Battle Ships is a new game which is similar to Star Craft. In this game, the enemy builds a defense tower, which has L longevity. The player has a military factory, which can produce N kinds of battle ships. The factory takes ti seconds to produce the i-th battle ship and this battle ship can make the tower loss li longevity every second when it has been produced.
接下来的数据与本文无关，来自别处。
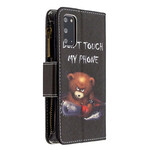 Housse Samsung Galaxy S20 Poche Zippée Ours Housse Samsung Galaxy S20 Poche Zippée Ours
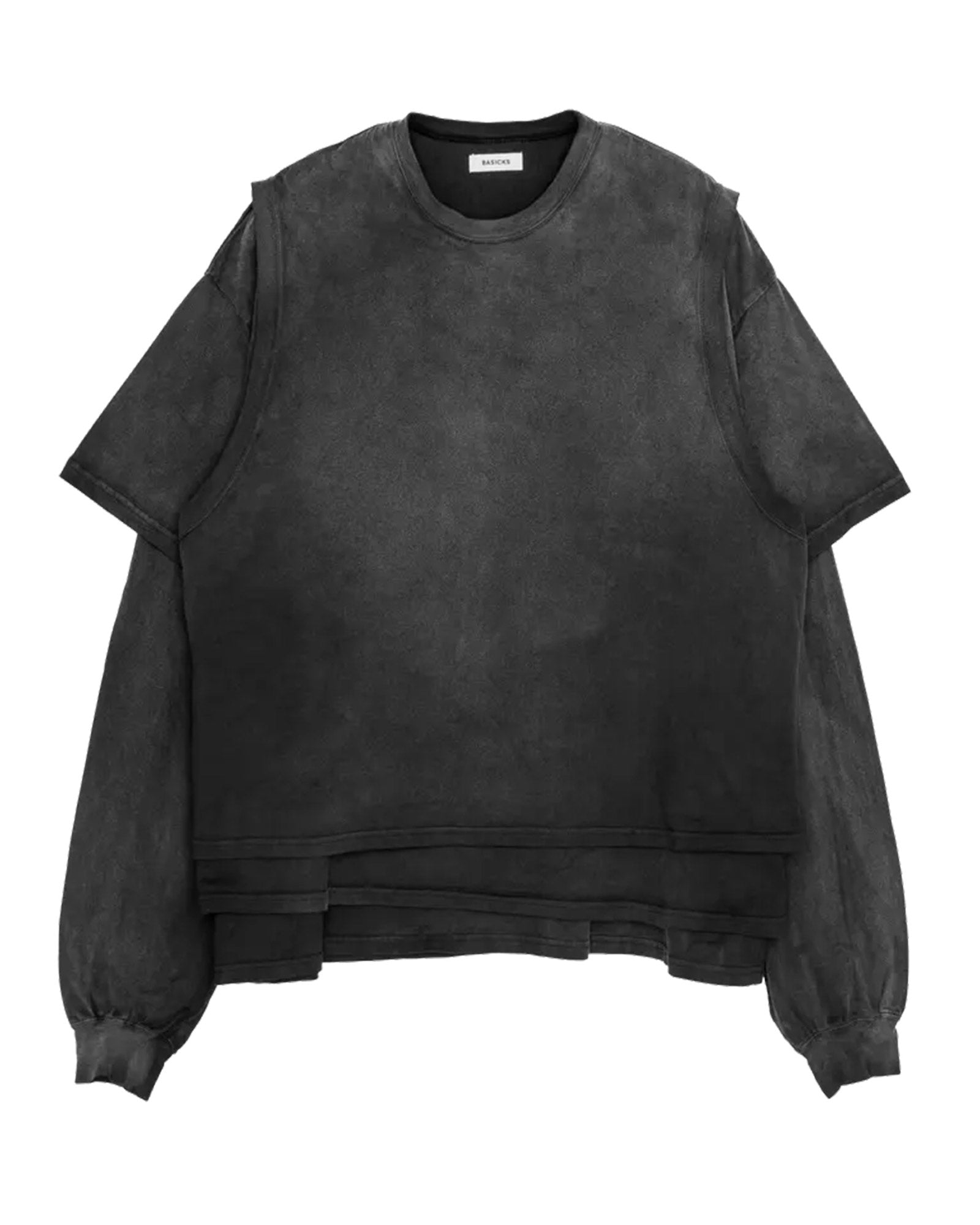 BASICKS・ベイシックス - L/S Tシャツ PIGMENTED 3 LAYERED T-SHIRT / FADE BLACK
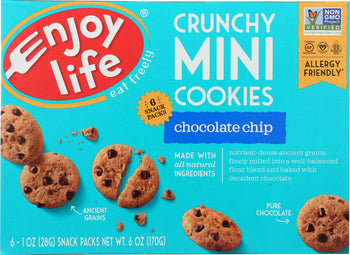 ENJOY LIFE: Crunchy Chocolate Chip Mini Cookies, 6 oz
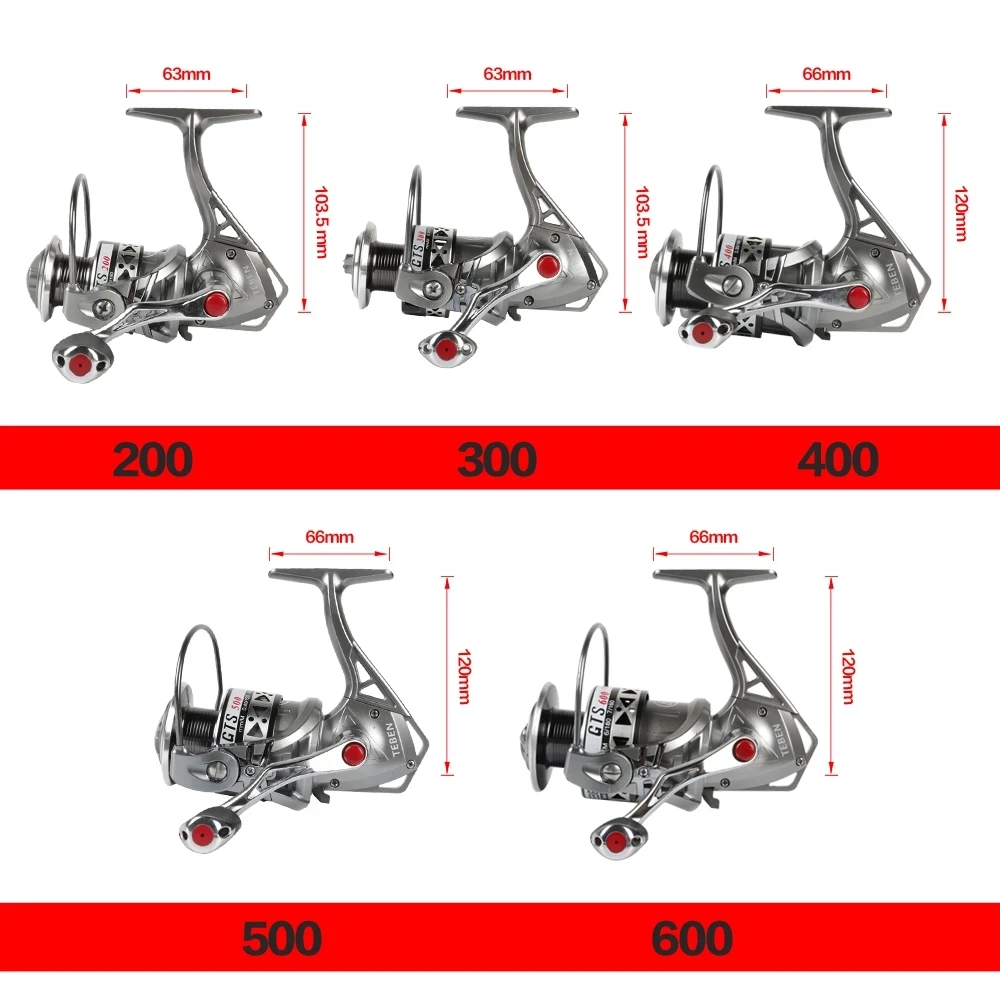 2021 TEBEN GTS1000 Spinning Fishing Reel Metal 5.2:1 18KG Max Drag Stainless Steel Handle Seawater Carp Ice Winter Fishing Gear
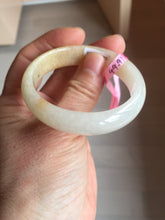 Load image into Gallery viewer, 47.5mm certified 100% natural Type A icy watery light green yellow white oval jadeite jade bangle PC18-6668
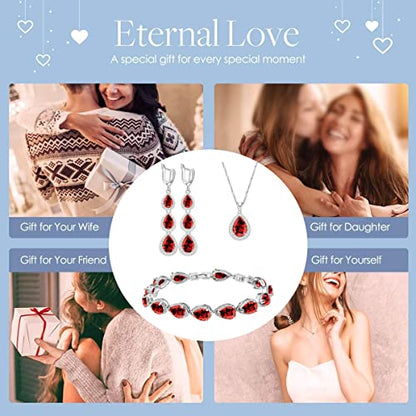 LMXXVJ Necklace Long Earrings Bracelet Set, White Gold Plated Created Blue Sapphire Jewelry Set Wedding Party Gift Jewelry for Women Bridal Bridesmaid - color: Garnet Red
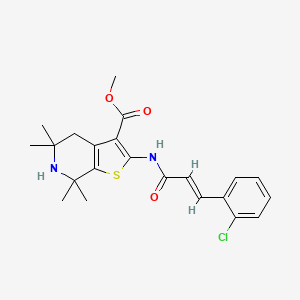 molecular formula C22H25ClN2O3S B2422884 methyl 2-[[(E)-3-(2-chlorophenyl)prop-2-enoyl]amino]-5,5,7,7-tetramethyl-4,6-dihydrothieno[2,3-c]pyridine-3-carboxylate CAS No. 887901-54-4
If the longevity of the tower lower than or equal to 0, the player wins. Notice that at each time, the factory can choose only one kind of battle ships to produce or do nothing. And producing more than one battle ships of the same kind is acceptable.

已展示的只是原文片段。